Lisa Romero is an Associate Professor at California State University Sacramento.

Assembly Member Jose Medina recently reintroduced Ethnic Studies (AB 101) to the California State Legislature. The bill would require California high schools to offer Ethnic Studies courses beginning in 2025 – 2026 and make it a high school graduation requirement for the class of 2030. This is third time that Medina has introduced the bill. It was first introduced in 2019, but sometimes bitter conflict surrounding the curriculum, most notably about who and what’s included, and who and what’s excluded, and charges and counter charges of bias and discrimination, led Medina to withdraw the bill to provide time to more fully develop the curriculum and resolve these and other issues. He reintroduced the bill for a second time last year. After amendments delaying the implementation to the graduating class of 2030 and allowing districts to develop local, context-sensitive courses rather than following a state curriculum, it passed both houses of the legislature and landed on Governor Newsom’s desk in September 2020. Because a similar bill, AB 1460, authored by then Assembly Member Shirley Weber, making Ethnic studies a graduation requirement for the California State Universities, passed and was signed into law by the Governor, many were surprised when the Governor Newsom refused to sign what some considered the high school companion piece.

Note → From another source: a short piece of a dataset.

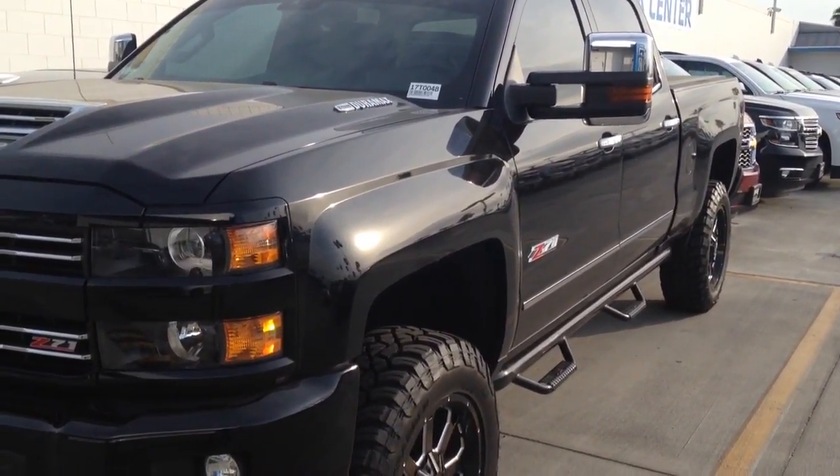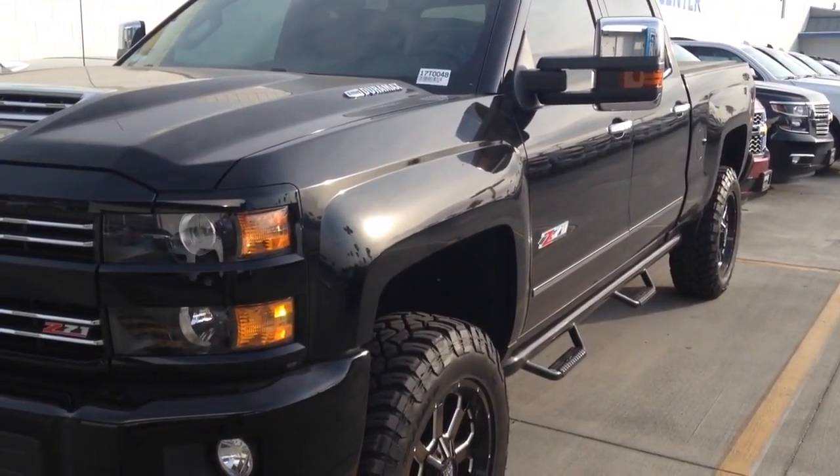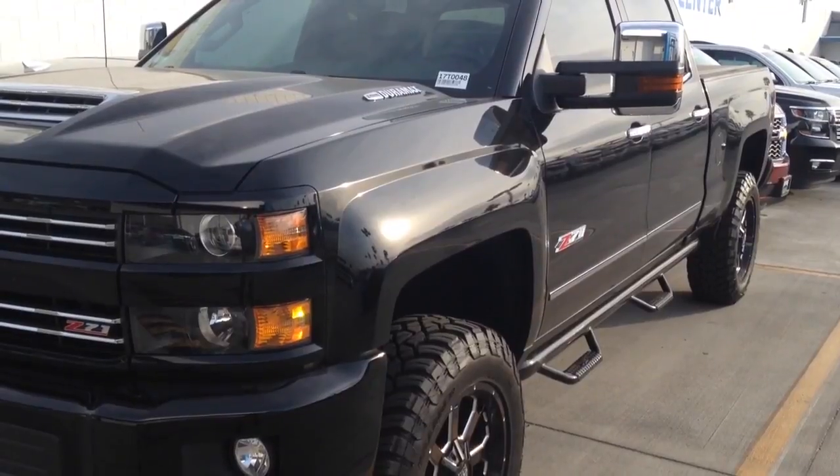This truck will pull any toy hauler that you have, pull your boat out of the water. I've got many of these to choose from, so please come down and test drive this.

In his veto message, Newsom said that he while valued Ethnic Studies, and recognized that progress had been made to address concerns about the curriculum, further work was needed to ensure that the state model was balanced, fair, and inclusive of all communities. In other words, he was in favor of Ethnic Studies in theory, but in practice it was too politically risky. Also consider that by this time, the State was battling raging wild fires; schools, business, and the nation were struggling with COVID; and California’s budget surplus and positive economic outlook was evaporating. Privately, however, the Governor told Medina to re-introduce the bill in the next session.

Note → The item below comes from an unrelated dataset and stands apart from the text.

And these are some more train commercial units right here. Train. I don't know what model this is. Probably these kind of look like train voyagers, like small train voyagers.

Medina notes that he ran for Assembly three times before he won, optimistic that the third time might be the charm for Ethnic Studies as well. And he has a bevy of supporters that hope he is right. 

What are the chances that the third time is the charm? Let’s consider the wider-context. California budget projections have improved, (at least for now) fires are not ravaging the state, the rate of new COVID-19 infections is on the decline, and vaccinations have begun. But, COVID is still rampant and the vaccine rollout is uneven. Most public schools remain closed, or are struggling to open and stay open. Meanwhile Governor Newsom is locked in a so-far-losing battle with the teachers’ unions who are pushing for all teachers to be vaccinated before face-to-face learning resumes, something the State concedes is not likely possible before June.  Add to this that Governor Newsom is facing a recall effort. And, all of that aside, the tensions underlying the curriculum controversies are quintessential and, in many ways, reflective of ethnic and racial conflict writ large in America. 

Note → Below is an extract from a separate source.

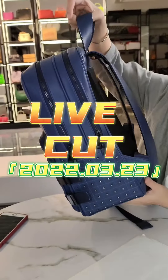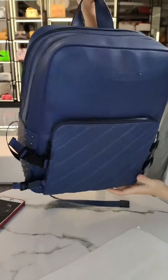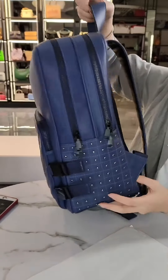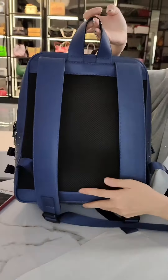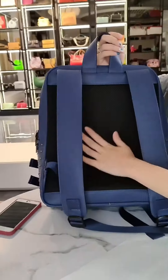We use the best quality materials — the back is mesh material, and you feel very soft and comfortable.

So, what would it take for the third time to be the charm? Understanding that Ethnic Studies is important for all Californians. Ethnic Studies isn’t just for Black kids, Brown kids, or Asian kids. We all benefit from knowing history, and understanding the rich diversity of experiences, and contributions to the economic and cultural fiber of our nation. There are few advocates more passionate or better than Medina at explaining the importance of Ethnic Studies.  Putting Ethnic Studies in the context of the violence at the nation’s Capital, “we cannot afford to wait any longer as civil unrest, racial tensions have risen across the nation. Ethnic Studies provides hope for fostering understanding and unity.”